» **Task requirements**
The reply should consist solely of the lines from the one with "Chequered Cherries on" through the final line of the listing, copied exactly, with no pictures.

Records for this exercise Block Start

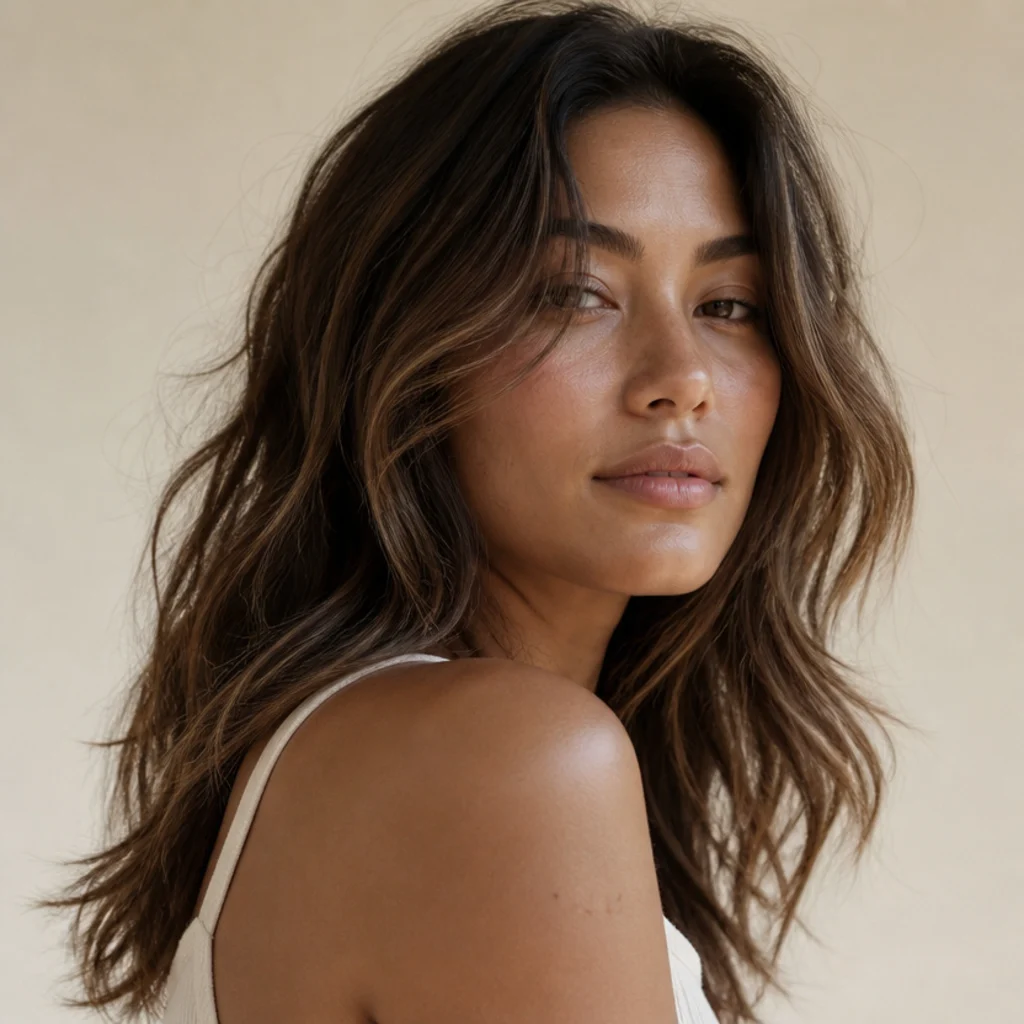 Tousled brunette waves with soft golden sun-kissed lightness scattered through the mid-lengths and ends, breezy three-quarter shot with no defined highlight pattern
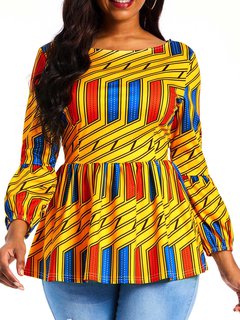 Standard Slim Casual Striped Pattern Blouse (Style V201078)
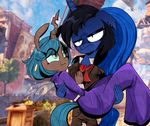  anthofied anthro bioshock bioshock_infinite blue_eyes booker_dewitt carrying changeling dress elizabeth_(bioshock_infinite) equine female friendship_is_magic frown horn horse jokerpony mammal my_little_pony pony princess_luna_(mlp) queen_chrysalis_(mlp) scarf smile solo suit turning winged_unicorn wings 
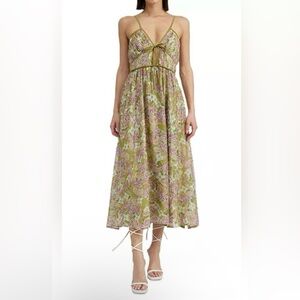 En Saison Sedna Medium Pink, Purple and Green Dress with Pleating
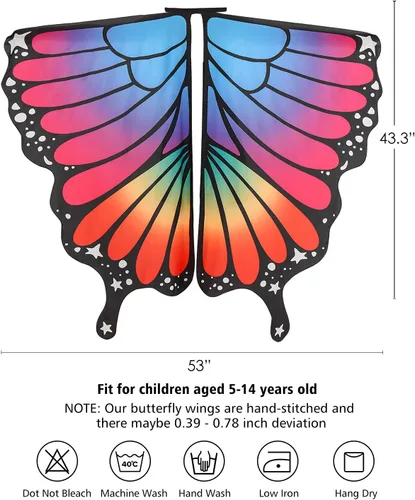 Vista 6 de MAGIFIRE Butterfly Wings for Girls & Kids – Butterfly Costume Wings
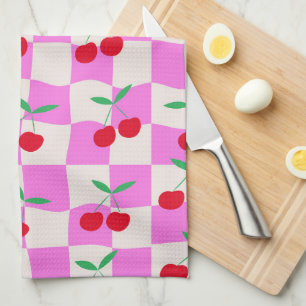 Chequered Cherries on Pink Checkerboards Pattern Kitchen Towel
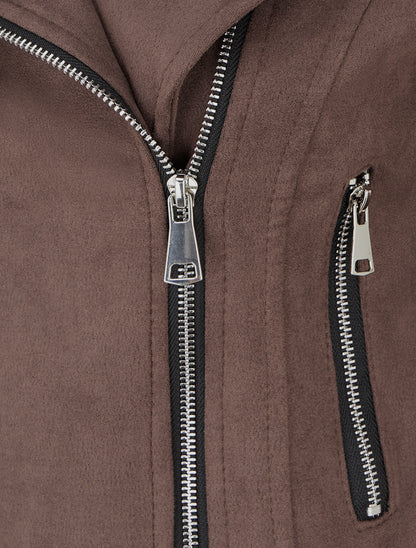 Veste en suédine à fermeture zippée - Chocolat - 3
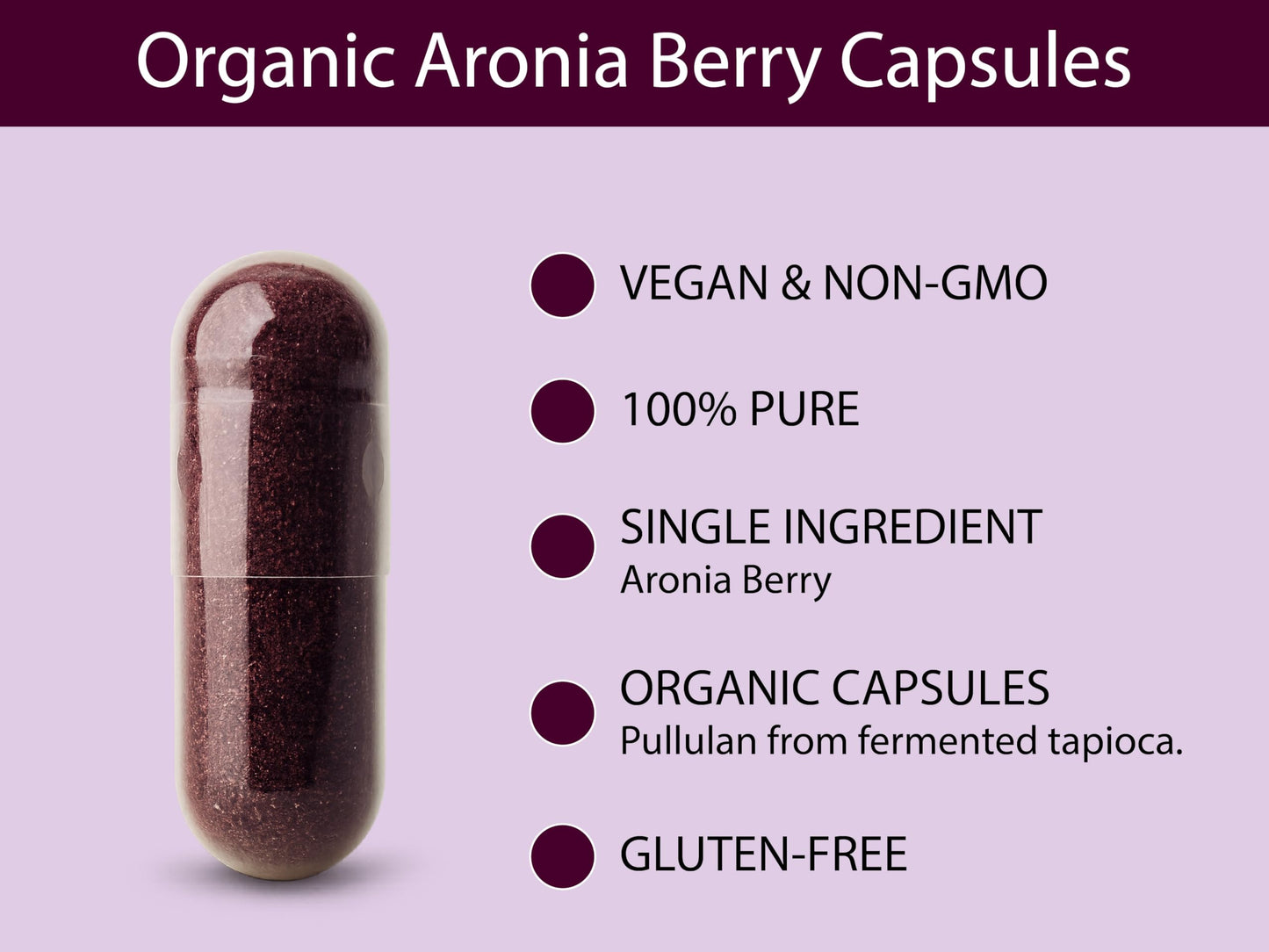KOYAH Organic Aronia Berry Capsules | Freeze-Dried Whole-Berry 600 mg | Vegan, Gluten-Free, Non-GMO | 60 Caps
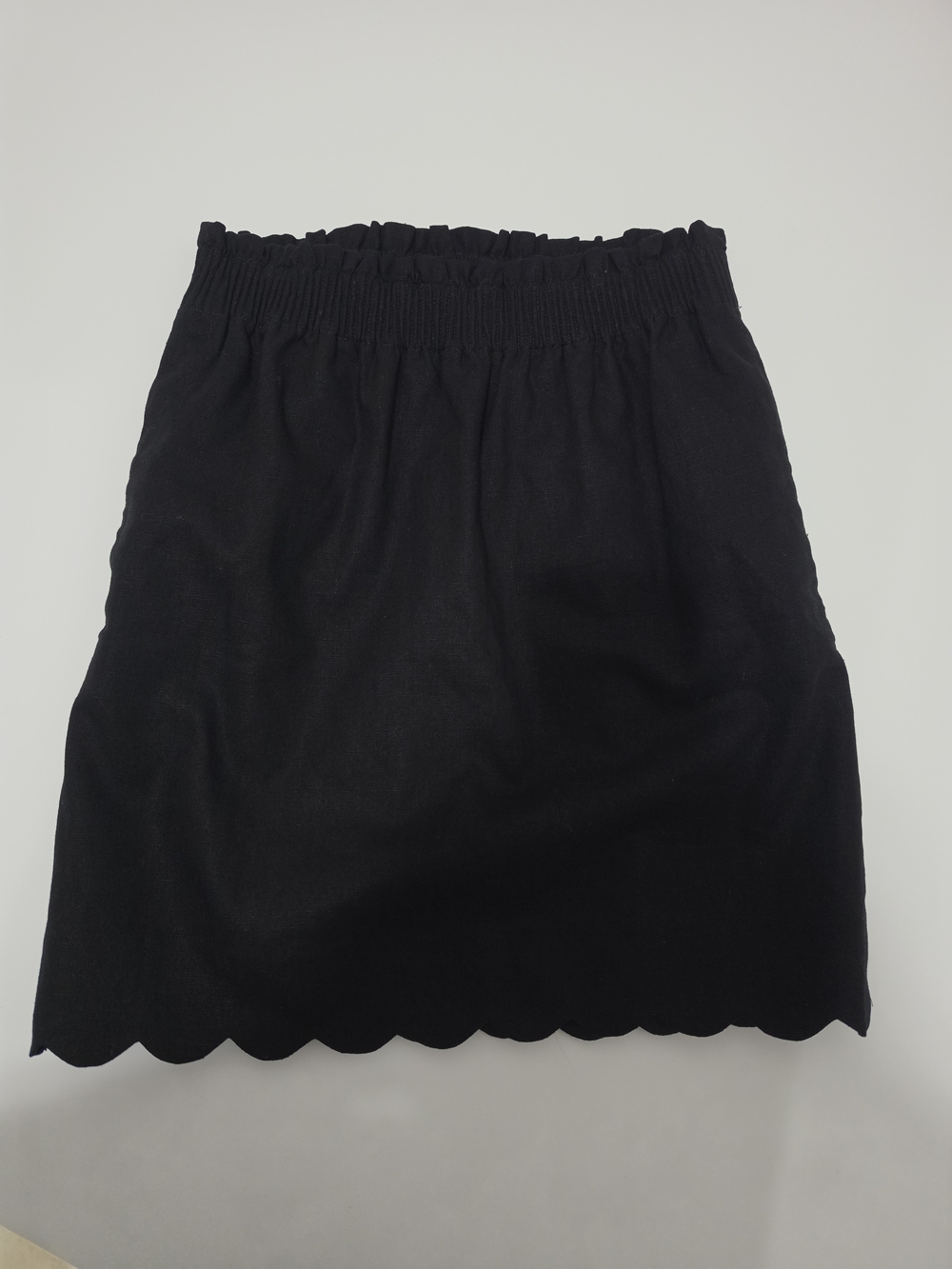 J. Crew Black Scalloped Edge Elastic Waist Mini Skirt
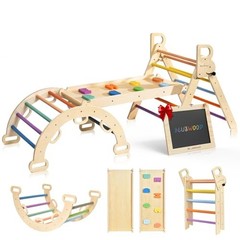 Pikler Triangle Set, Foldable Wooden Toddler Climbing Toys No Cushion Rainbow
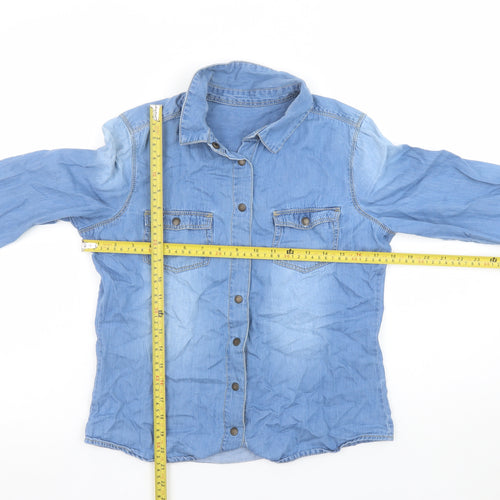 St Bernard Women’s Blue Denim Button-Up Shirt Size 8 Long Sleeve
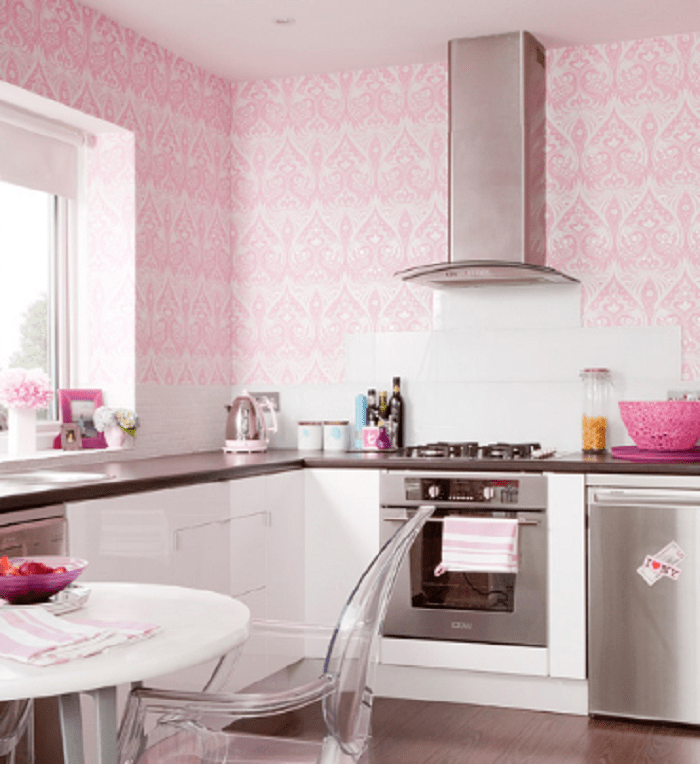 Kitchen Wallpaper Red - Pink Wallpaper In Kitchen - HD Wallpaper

Records for this exercise Block End

» **Expected answer**
 Chequered Cherries on Pink Checkerboards Pattern Kitchen Towel
 Veste en suédine à fermeture zippée - Chocolat - 3
KOYAH Organic Aronia Berry Capsules | Freeze-Dried Whole-Berry 600 mg | Vegan, Gluten-Free, Non-GMO | 60 Caps
 J. Crew Black Scalloped Edge Elastic Waist Mini Skirt
 Pikler Triangle Set, Foldable Wooden Toddler Climbing Toys No Cushion Rainbow
 St Bernard Women’s Blue Denim Button-Up Shirt Size 8 Long Sleeve
 Kitchen Wallpaper Red - Pink Wallpaper In Kitchen - HD Wallpaper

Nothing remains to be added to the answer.